With this considered, most thought this year’s draft was the perfect time to add a weapon to Aaron Rodgers‘ receiving corps. Instead, the Packers prepared for the future, trading up to No. 26 overall and taking Utah State quarterback Jordan Love.
Rodgers should be familiar with this situation, because as the 24th overall pick of the 2005 draft, he was once in Love’s shoes. Rodgers was selected to succeed Hall of Fame quarterback Brett Favre. Now Rodgers is the Hall of Fame quarterback who’s learned who the Packers hope will one day take his place.
Understandably, he wasn’t exactly thrilled by the move, according to Favre.
“I’m not going to talk about all that we talked about,” Favre said during an appearance on the Rich Eisen Show. “He was, let’s just say, surprised that they went that direction.”

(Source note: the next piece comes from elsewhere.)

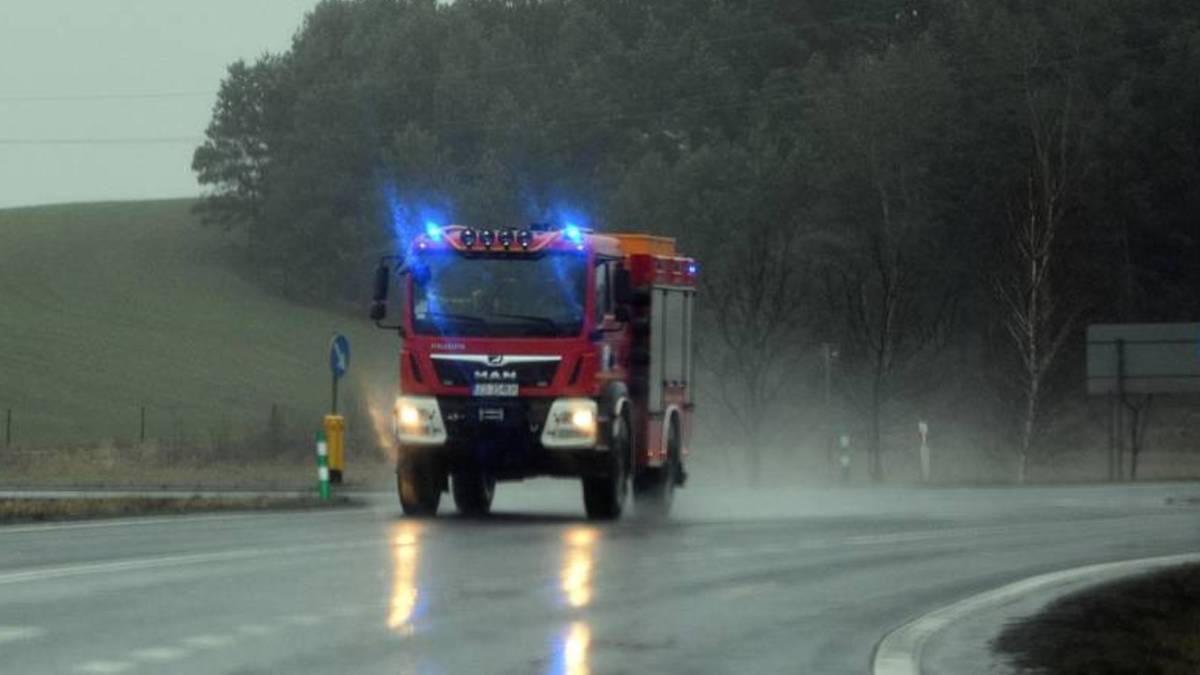 Powalone drzewa, uszkodzone samochody, potężna awaria prądu. Gwałtowna burza przeszła nad Warszawą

Fair. Rodgers did, however, reach out to Love shortly after he was selected, which came as a surprise considering the circumstances surrounding the pick. It didn’t surprise Favre all that much, because as mentioned above, Rodgers has experienced what Love is encountering now.
Favre did echo the sentiments shared by most Packers fans, though: Why plan for the future when the goal is to win now?

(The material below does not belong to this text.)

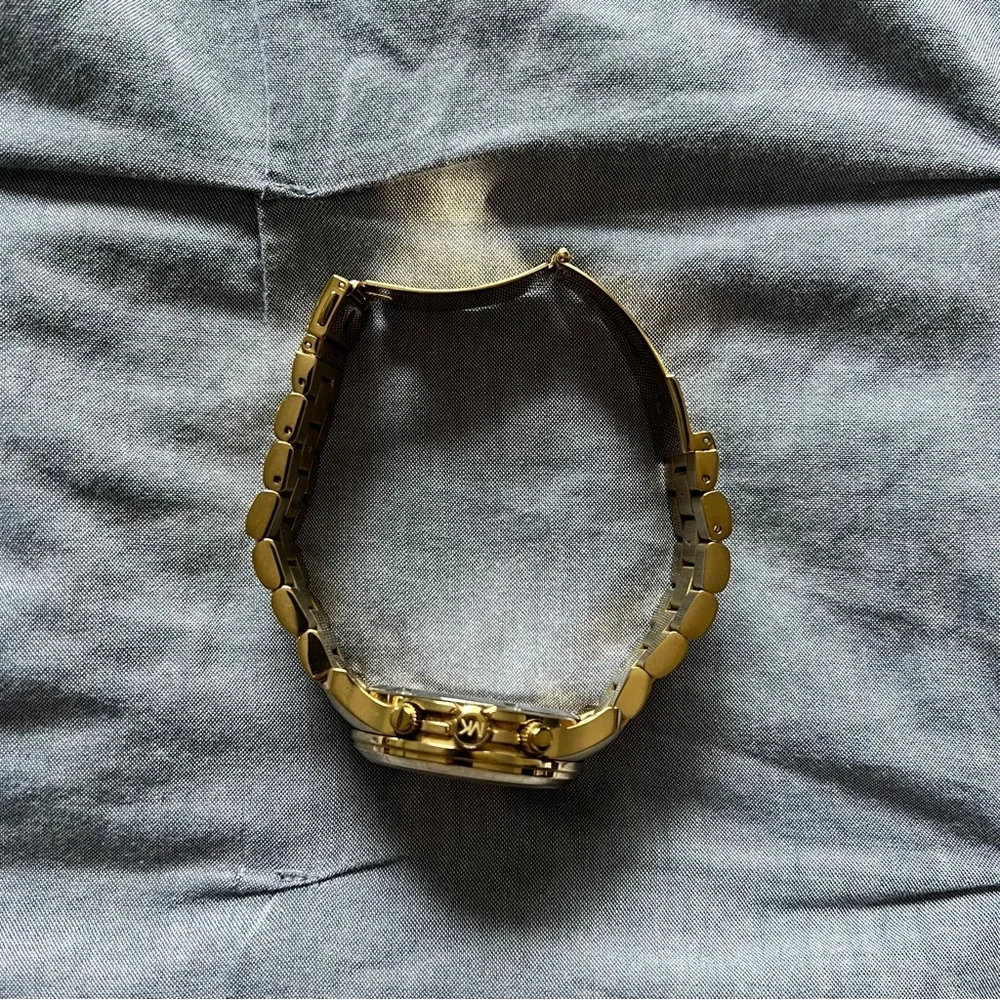 Michael Kors Runway Gold Tone Watch - Picture 4 of 6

“Nothing against Jordan Love. I mean no disrespect,” Favre said. “But you trade up to get a guy who might turn out to be great, and I hope he does, but you trade up to get more of a project. He’s a little bit unproven. A lot of upside, no doubt about it. But he can’t help you get to the Super Bowl immediately.

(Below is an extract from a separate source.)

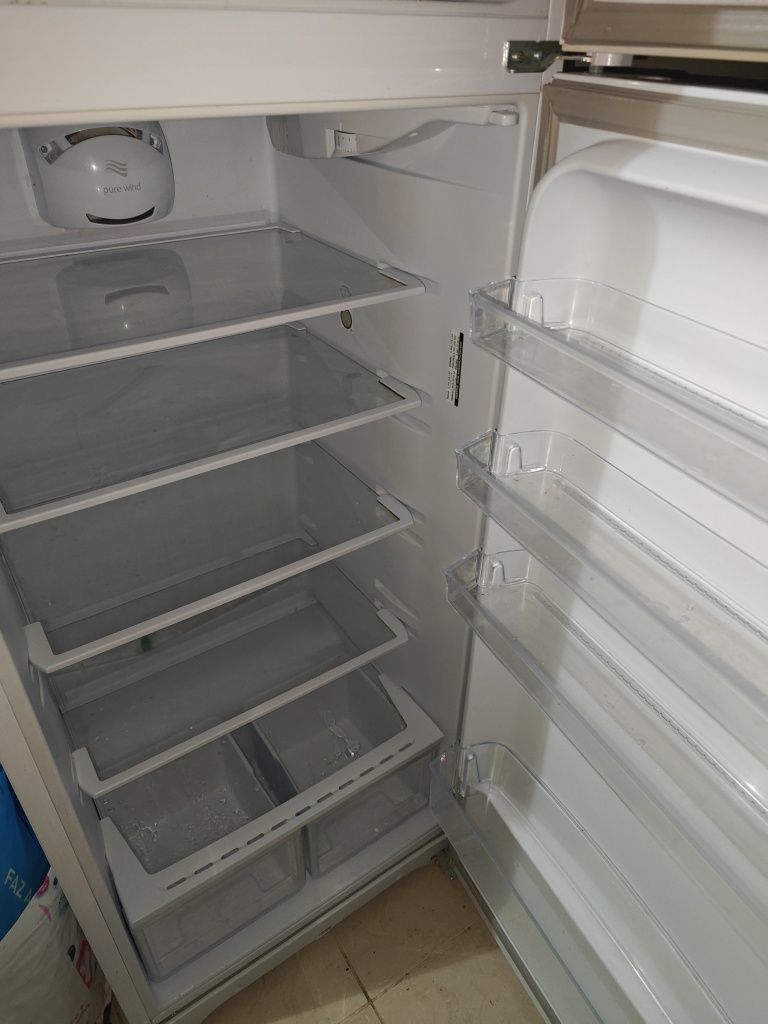 Frigorífico com congelador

“And I just think that if you’re playing for now as all the teams in the league will tell you they are — or most will tell you that, some certainly are not — but Green Bay’s one of them that should be playing for now. They don’t draft any weapons, not just in the first round, but any weapons that can help immediately, to my knowledge. And that just sends a disrespect message, I would think, to Aaron Rodgers. He has every right to be disappointed if he is.”
Rodgers can rightfully be upset Green Bay didn’t invest in now, instead looking to life after Rodgers when the quarterback still has elite football left to play. He can also rely on his own experience to empathize with Love and help make his transition smoother than his was with Favre’s Packers.
How that affects the Packers‘ future — both in 2020 and well beyond it — remains to be seen. But it’ll be a topic to continue monitoring in the years ahead.